Visualizing the Usage and Evolution of Pythonic Idioms Over Time: A Case Study of ‘the with open’ Idiom
Tattiya Sakulniwat∗, Raula Gaikovina Kula†, Chaiyong Ragkhitwetsagul∗,Morakot Choetkiertikul∗, Thanwadee Sunetnanta∗, Dong Wang†, Takashi Ishio†and Kenichi Matsumoto†
*Faculty of Information and Communication Technology (ICT), Mahidol University
†Nara Institute of Science and Technology (NAIST)
Email: tattiya.sakul@gmail.com,{chaiyong.rag, morakot.cho, thanwadee.sun}@mahidol.ac.th{raula-k, wang.dong.vt8, ishio, matumoto}@is.naist.jp
Introduction
Pythonic Idioms
Pythonic is defined in python.org glossary part as the code which closely follows the most common idioms of the Python language. Idioms, generally, defined as a phrase that have particular meaning that cannot be directly translate from each word. Put them together, Pythonic Idiom is is the way to write a set of code to execute particular function by following the principle of Python language.
The idiomatic way of writing code would help on increase efficiency of the code as following figure:
Why Python?
- Python programming language ranks in the top three most used by programmers due to rank by GitHub
- Stack Overflow predicts that it will be the most used in 2020.
- The most active repository on GitHub is “TensorFlow” and it uses Python.
Why ‘with open’ statement?
Idioms | # Projects | Total count |
---|---|---|
List comprehension | 866 | 75,466 |
with statement | 848 | 143,453 |
Decorator | 765 | 114,545 |
This table is referenced from the paper On the Usage of Pythonic Idioms The data is collected from 1000 example projects in GitHub repository.
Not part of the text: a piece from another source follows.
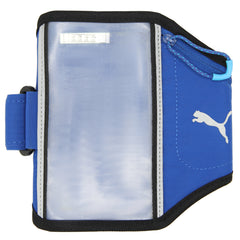 Puma Running Training Blue Galaxy S5 & S6 Phone Pocket Arm Case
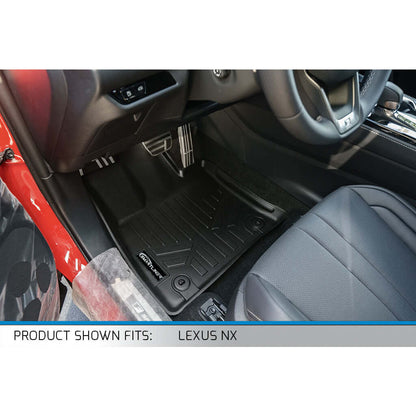 SMARTLINER Custom Fit Floor Liners For 2022-2026 Lexus NX Hybrid Models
The collumn numver of projects represents the number of projects that use following Pythonic idiom. Total count means the total number of occurrences of each idiom all over the whole project.
The ‘with open’ is in the 2nd rank but it has the highest number of occurrences so it is selected as the case study of this research.
Experimental Set Up
1.Data Collection
1.1 Prepare Query
Non-idiomatic
open = (‘file.txt’)
Idiomatic
with open(‘file.txt’) as f:
1.2 Use the queries to search on searchcode.com, website for searching source code repositories by giving a code query, to find data sets to use in the experiment
2.Data Preparation
Use CCGrep, pattern matching detection tool with non-file name relying, to extract the occurrences of Idiomatic Python code and Non-idiomatic code in the projects.
Studied Projects
-
Beaker: an open source software for managing and automating labs of test computers.
-
DFHack: a Dwarf Fortress memory access library, distributed with a wide variety of useful scripts and plugins.
-
iPython: a command shell for interactive computing in multiple programming languages originally developed for Python.
-
Tshock: a toolbox for Terraria servers and communities
Project | Releases | Contributors | Start Date | End Date |
---|---|---|---|---|
Beaker | 432 | 63 | 12/08/2006 | 21/05/2019 |
DFHack | 123 | 112 | 24/02/2010 | 28/12/2018 |
iPython | 94 | 608 | 14/09/2008 | 03/07/2019 |
TShock | 70 | 62 | 03/06/2013 | 01/04/2019 |
Result
Research Question 1: Do developers adopt the idiom for file reading statements over time?
Answer: We found that 3 out of the 4 selected projects adopt the with open idiom. However, the amount of adoption differs. One project only contains the idiom without the non-idiomatic counterpart. The other two projects have non-idiomatic code more at the beginning and idiomatic code more from the middle to the last release.
The scatter plot graphs below show the occurrence of Idiomatic and NOn-idiomatic codes through time. The red dot represents the occurrence of Non-idiomatic code and the green dots represents the Idiomatic one. X-axis adopts date of development of the code and Y-axis is for package name hosted in the project.
Project: Beaker
Project: TShock
Project: DFHack
Project: iPython
Research Question 2: Do the developers fix their non-idiomatic file reading statements?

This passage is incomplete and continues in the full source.